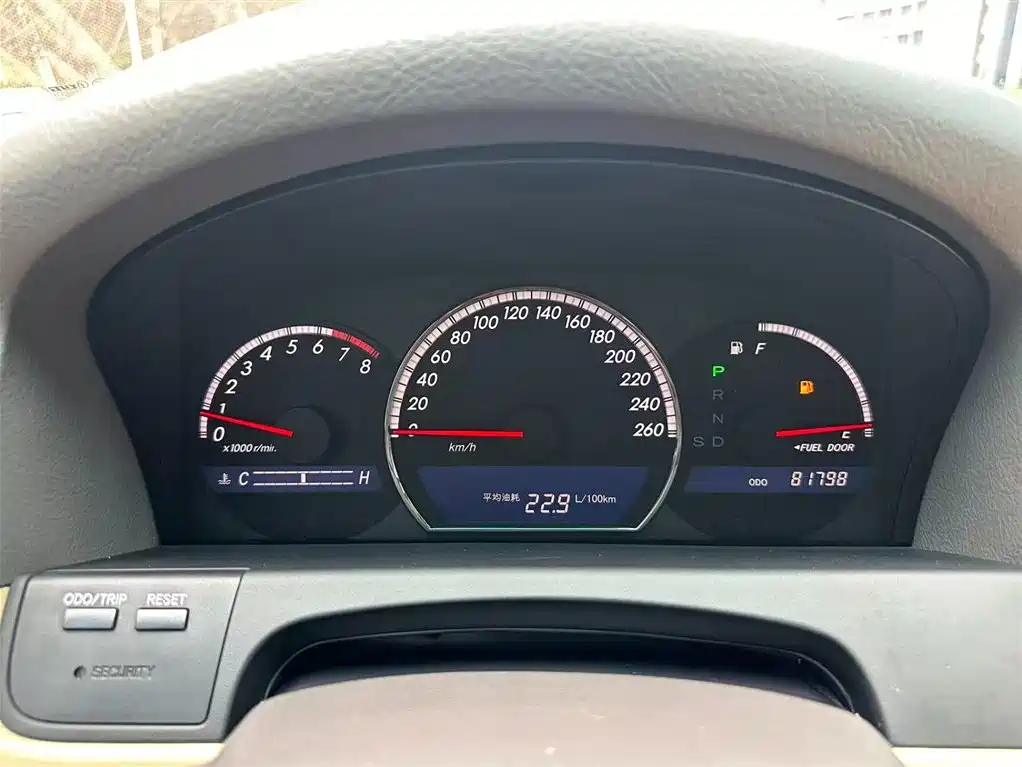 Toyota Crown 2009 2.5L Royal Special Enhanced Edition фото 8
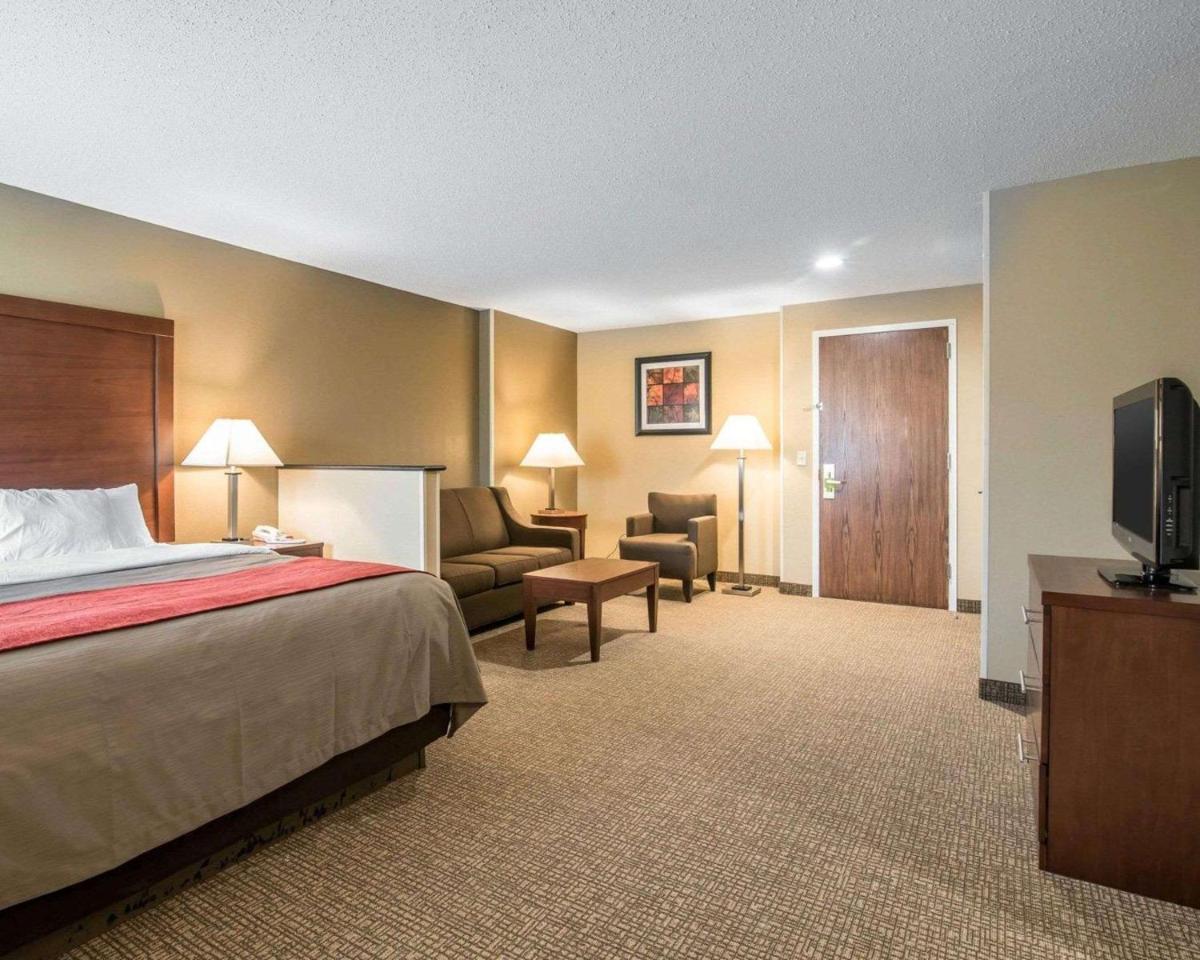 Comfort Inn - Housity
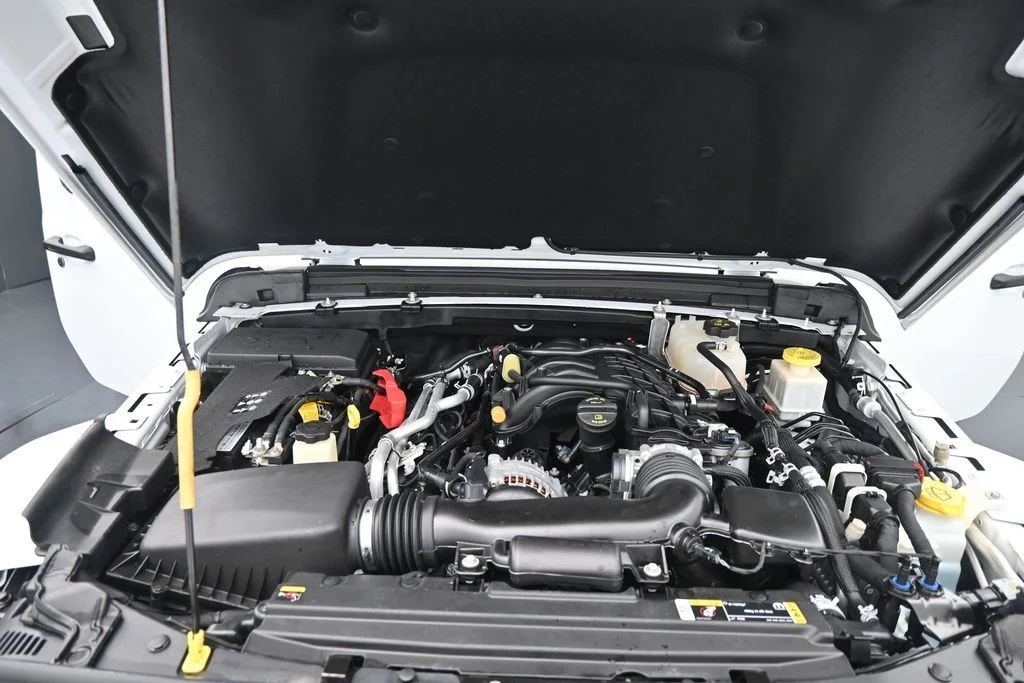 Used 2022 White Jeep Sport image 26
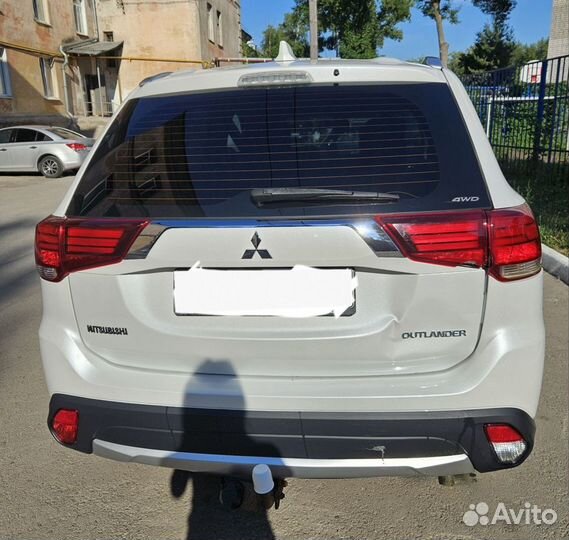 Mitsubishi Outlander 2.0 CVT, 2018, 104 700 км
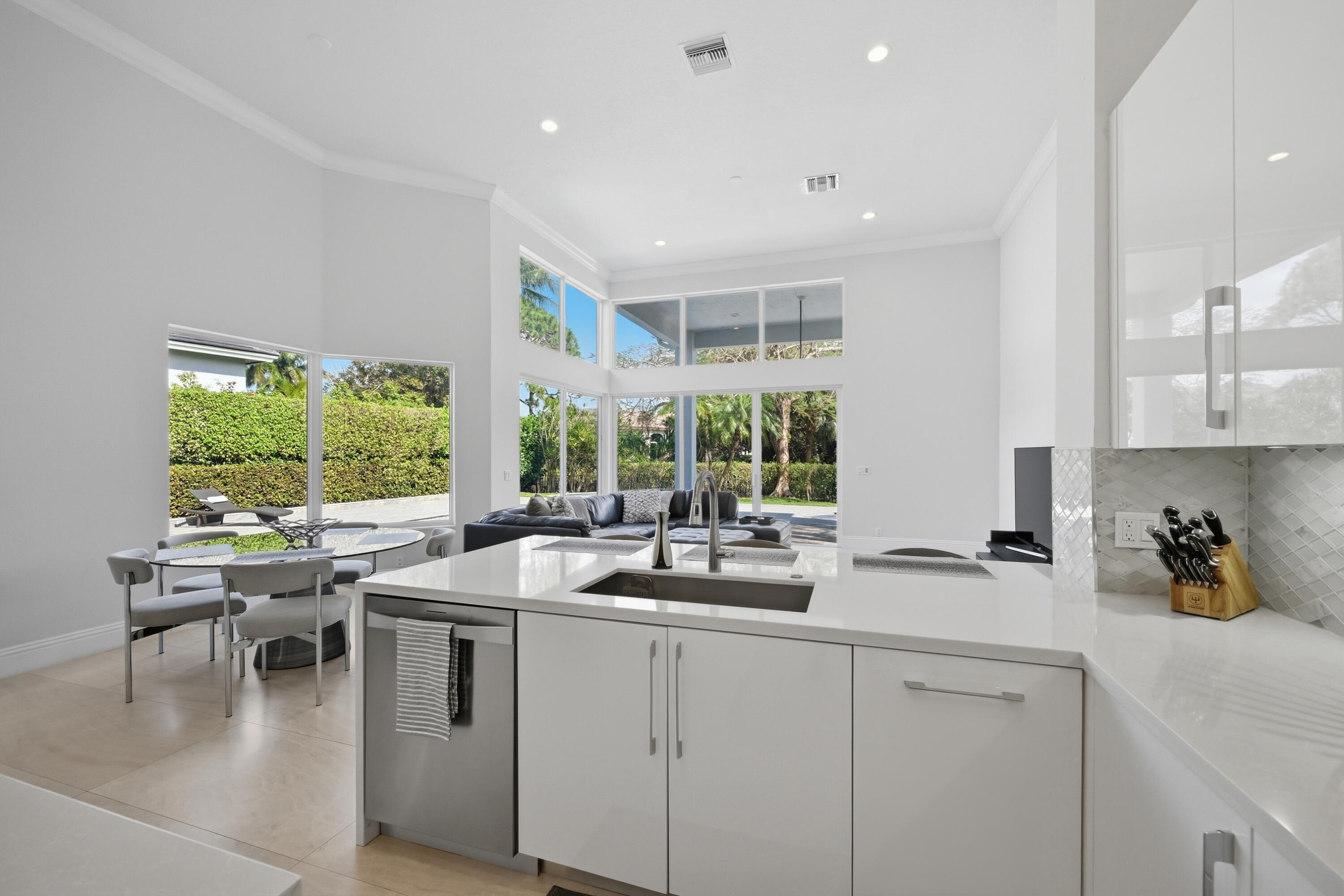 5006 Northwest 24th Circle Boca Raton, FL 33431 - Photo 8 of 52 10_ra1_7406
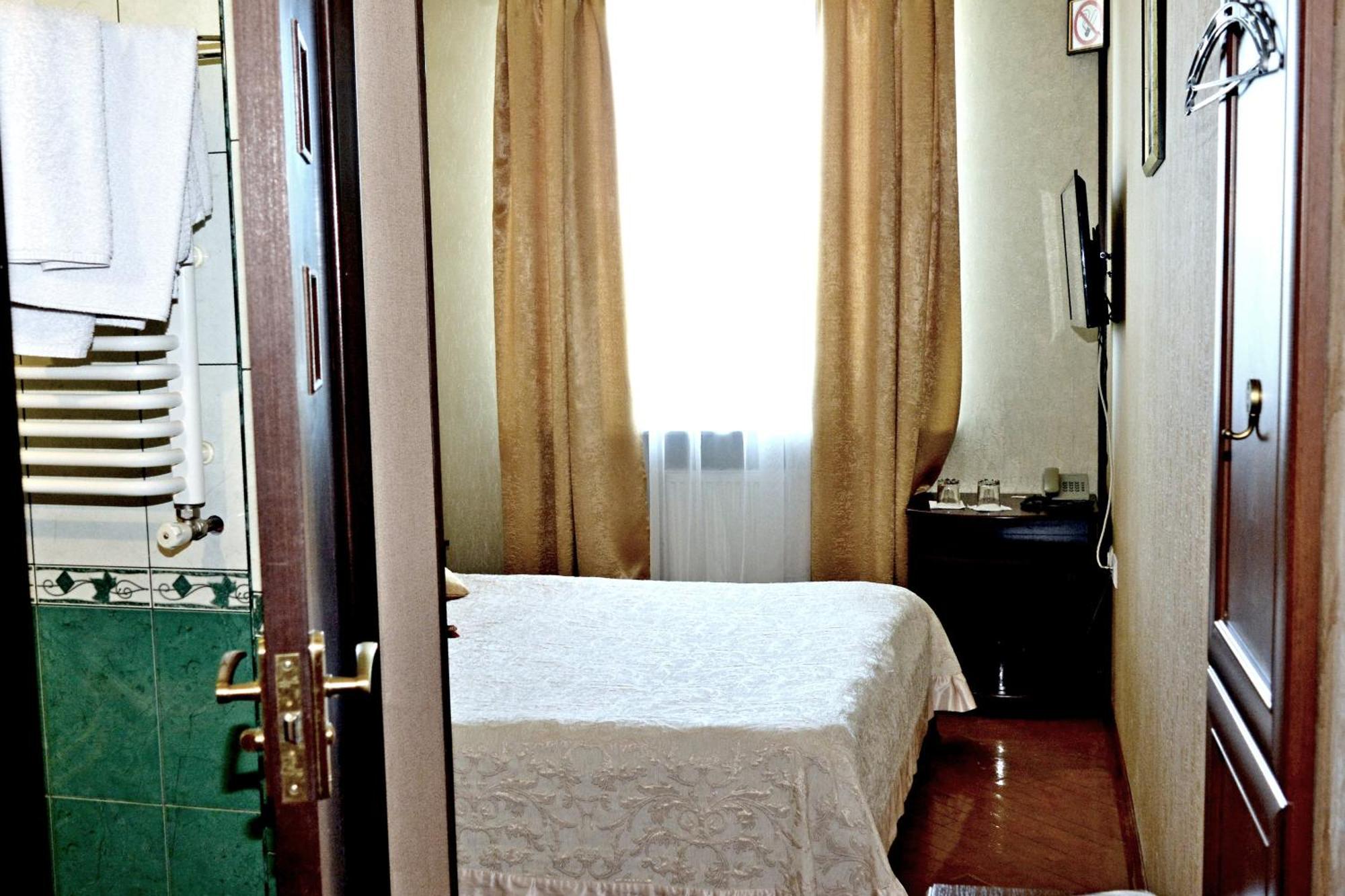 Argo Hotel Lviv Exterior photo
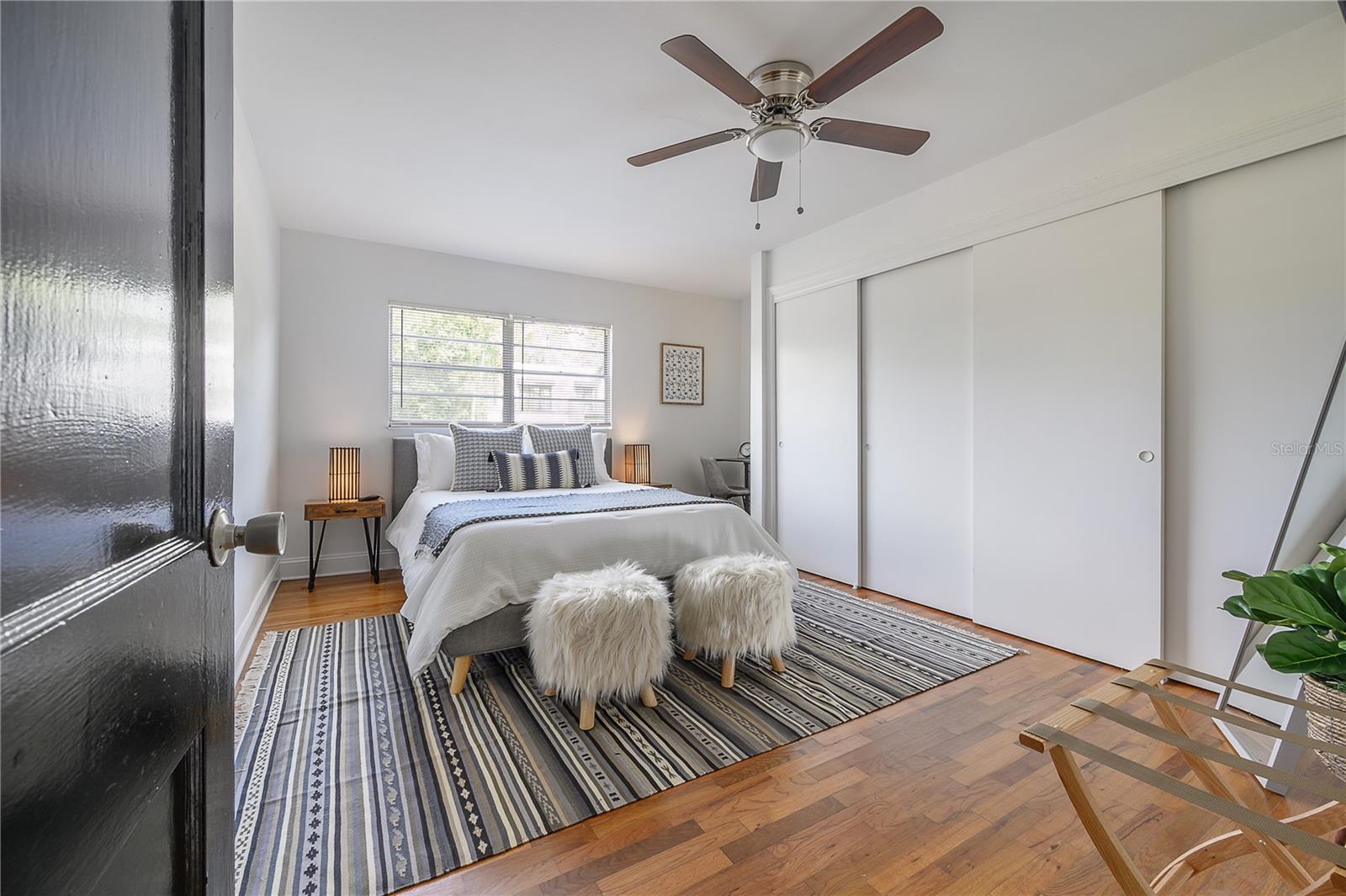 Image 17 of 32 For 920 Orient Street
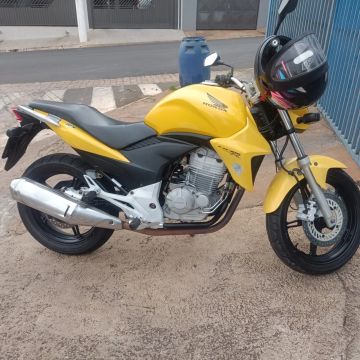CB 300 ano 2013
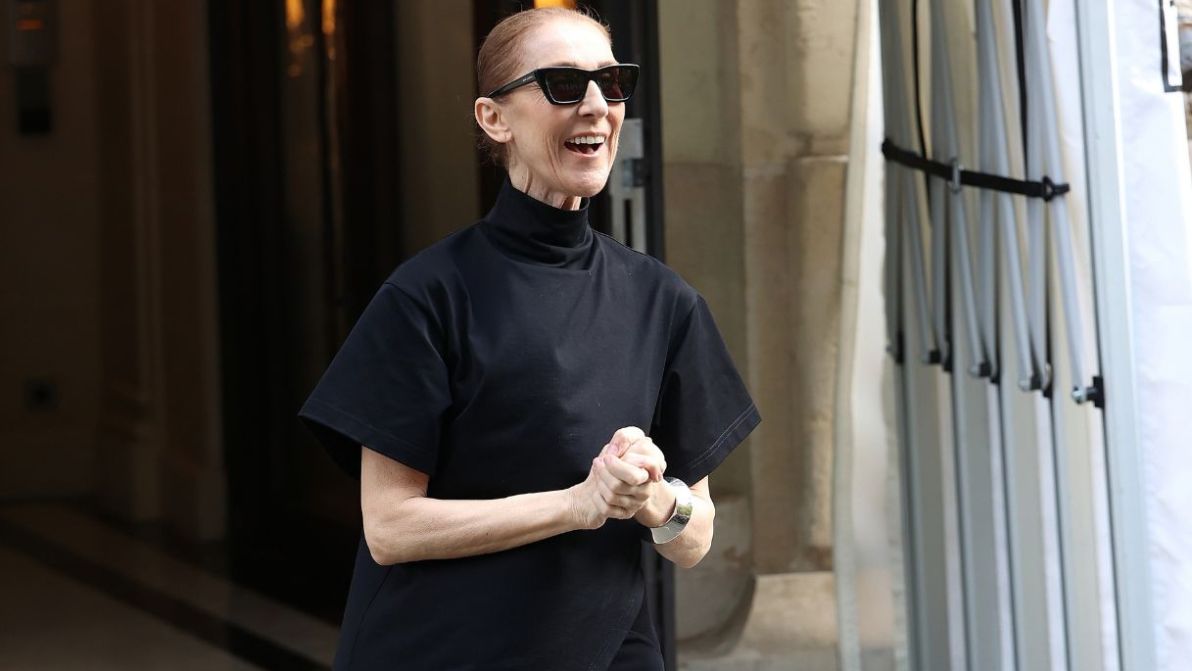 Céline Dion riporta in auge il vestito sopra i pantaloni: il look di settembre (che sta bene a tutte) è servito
════════════════════
Would you give the records again exactly, dropping the pictures?

 Toyota Crown 2009 2.5L Royal Special Enhanced Edition фото 8
 Comfort Inn - Housity
 Used 2022 White Jeep Sport image 26
 Mitsubishi Outlander 2.0 CVT, 2018, 104 700 км
 5006 Northwest 24th Circle Boca Raton, FL 33431 - Photo 8 of 52 10_ra1_7406
 Argo Hotel Lviv Exterior photo
 Image 17 of 32 For 920 Orient Street
CB 300 ano 2013
 Céline Dion riporta in auge il vestito sopra i pantaloni: il look di settembre (che sta bene a tutte) è servito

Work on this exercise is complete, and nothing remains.